FIG. 3 depicts an example of unordered rebalancing of a result set in accordance with an embodiment. In step (1), machine M0 has two chunks C0, C1, machine M1 has four chunks C2-C5, machine M2 has three chunks C6-C8, and machine M3 has one chunk C9. Thus, the current distribution is (2, 4, 3, 1). In the depicted example, the target chunk distribution is (3, 2, 2, 3). In this example, the total number of chunks in the target chunk distribution is 10. An equal distribution of weights would be (0.25, 0.25, 0.25, 0.25), which would result in a target distribution of (3, 3, 2, 2). However, in the example, the target chunk distribution is based on a set of weights (0.3, 0.2, 0.2, 0.3) or (30%, 20%, 20%, 30%). These weights may be based on the resources assigned to the respective machines (e.g., CPUs, memory, storage, network bandwidth) or the capabilities of those machines. These weights may be used to ensure generic usage of the algorithm beyond rebalancing for memory, such as rebalancing for compute, data locality, cost for the tenants, etc. Use of machine weights is described in further detail below. Note that the approach involves a chunk-oriented rebalancing instead of row-based rebalancing, i.e., rebalancing on chunk and not row to align with how we transfers are performed (also chunk-based).
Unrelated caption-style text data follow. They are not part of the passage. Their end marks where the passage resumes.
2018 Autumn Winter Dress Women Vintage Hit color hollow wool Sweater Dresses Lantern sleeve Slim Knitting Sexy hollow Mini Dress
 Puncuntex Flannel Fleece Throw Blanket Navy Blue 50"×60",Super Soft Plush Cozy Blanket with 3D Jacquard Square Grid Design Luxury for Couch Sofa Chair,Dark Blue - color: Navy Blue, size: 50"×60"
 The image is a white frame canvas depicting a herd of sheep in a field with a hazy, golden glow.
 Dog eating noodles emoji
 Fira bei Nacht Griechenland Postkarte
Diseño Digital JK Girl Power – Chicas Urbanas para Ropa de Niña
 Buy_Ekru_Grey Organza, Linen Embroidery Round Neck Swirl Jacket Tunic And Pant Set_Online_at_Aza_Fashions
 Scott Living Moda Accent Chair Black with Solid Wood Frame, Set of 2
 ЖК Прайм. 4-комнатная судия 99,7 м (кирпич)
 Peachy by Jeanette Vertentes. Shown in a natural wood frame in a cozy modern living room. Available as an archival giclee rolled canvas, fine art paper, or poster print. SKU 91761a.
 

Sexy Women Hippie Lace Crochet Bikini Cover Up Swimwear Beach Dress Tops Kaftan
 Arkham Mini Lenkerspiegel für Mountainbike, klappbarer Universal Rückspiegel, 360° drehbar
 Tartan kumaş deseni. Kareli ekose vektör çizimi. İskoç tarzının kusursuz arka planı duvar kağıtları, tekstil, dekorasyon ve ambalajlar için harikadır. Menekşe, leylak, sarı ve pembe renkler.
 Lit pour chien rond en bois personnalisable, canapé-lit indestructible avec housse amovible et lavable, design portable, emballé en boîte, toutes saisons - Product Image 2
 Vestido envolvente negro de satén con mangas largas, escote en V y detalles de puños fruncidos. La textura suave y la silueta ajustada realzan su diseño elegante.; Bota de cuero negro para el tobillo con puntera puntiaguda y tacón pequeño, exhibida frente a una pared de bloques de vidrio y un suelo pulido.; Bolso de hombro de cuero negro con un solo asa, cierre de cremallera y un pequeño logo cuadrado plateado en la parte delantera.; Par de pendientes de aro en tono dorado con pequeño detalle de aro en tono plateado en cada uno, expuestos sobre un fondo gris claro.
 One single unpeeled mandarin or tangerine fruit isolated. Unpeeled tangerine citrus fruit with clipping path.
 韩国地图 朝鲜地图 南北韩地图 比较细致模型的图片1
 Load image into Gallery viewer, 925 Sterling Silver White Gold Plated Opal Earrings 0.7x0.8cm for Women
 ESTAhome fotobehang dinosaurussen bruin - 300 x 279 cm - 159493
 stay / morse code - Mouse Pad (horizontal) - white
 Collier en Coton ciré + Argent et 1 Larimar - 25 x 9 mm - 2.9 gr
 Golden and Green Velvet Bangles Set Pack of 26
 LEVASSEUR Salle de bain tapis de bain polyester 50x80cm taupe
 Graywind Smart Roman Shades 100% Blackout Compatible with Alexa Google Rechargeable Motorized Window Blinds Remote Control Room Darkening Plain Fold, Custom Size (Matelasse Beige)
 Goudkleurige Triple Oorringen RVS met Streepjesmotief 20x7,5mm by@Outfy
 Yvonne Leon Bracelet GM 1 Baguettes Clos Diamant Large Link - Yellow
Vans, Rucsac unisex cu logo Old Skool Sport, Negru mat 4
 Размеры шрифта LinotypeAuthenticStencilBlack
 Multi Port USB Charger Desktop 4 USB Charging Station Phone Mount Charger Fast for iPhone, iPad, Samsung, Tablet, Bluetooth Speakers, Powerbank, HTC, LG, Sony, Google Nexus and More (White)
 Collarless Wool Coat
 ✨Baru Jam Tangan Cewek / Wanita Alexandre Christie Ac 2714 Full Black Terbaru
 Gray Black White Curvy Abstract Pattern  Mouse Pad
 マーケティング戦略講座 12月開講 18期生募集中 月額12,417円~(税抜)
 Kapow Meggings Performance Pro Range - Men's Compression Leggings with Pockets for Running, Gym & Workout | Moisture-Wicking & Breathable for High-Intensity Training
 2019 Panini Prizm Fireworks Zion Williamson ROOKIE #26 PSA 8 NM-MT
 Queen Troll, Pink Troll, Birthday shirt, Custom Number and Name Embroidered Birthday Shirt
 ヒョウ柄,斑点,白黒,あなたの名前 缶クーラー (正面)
In step (1) machines M1 and M2 have a surplus of two and one chunks respectively. This excess will be directly sent to the machines with a deficit (i.e., machines M0 and M3) starting from the head of local chunks array. Moving from the front of the chunks array is preferred to minimize the need for row shifting during the “pack( )” operation, because the chunks will mostly be full unless the sending machine has a weight of 0 (indicating the machine will be removed from the cluster). Note that the example is described as sequential steps; however, in an embodiment, all transfers are performed simultaneously. In step (2) machine M1 sends chunk C2 to machine M0 and sends chunk C3 to machine M3. Similarly, machine M2 sends chunk C6 to machine M3. The received chunks are appended on the chunks arrays of the destination machines. Finally, in step (3), the packing operation is called to have at most a single non-full chunk on each machine residing at the tail of the chunks array. Packing enables operations on top of the frame to do fast direct indexing of rows by id, by simple dividing the row_id by:

chunk_id = row_id / chunk_capacity in - chunk_id = row_id ⁢ % ⁢ chunk_capacity

Ordered Rebalancing

Ordering is a strict requirement for result sets that have been accessible to the user, e.g., by graph.runQuery( . . . ).print( ) to guarantee results consistency. Unordered rebalancing would destroy the order that the user would have already seen—i.e., would be qualified as a bug. Similarly, result sets that are the result of an ORDER BY query need to naturally have their order preserved, even if the user has not accessed them yet. To avoid data movement row by row and leverage the internal design of the frames (i.e., segmented and column-oriented nature), ordered rebalancing builds new chunks as needed directly in the messaging channels when the new chunk consists of parts from successive chunks, instead of sending them as parts. Thus, no more processing is needed from the receiving machine perspective.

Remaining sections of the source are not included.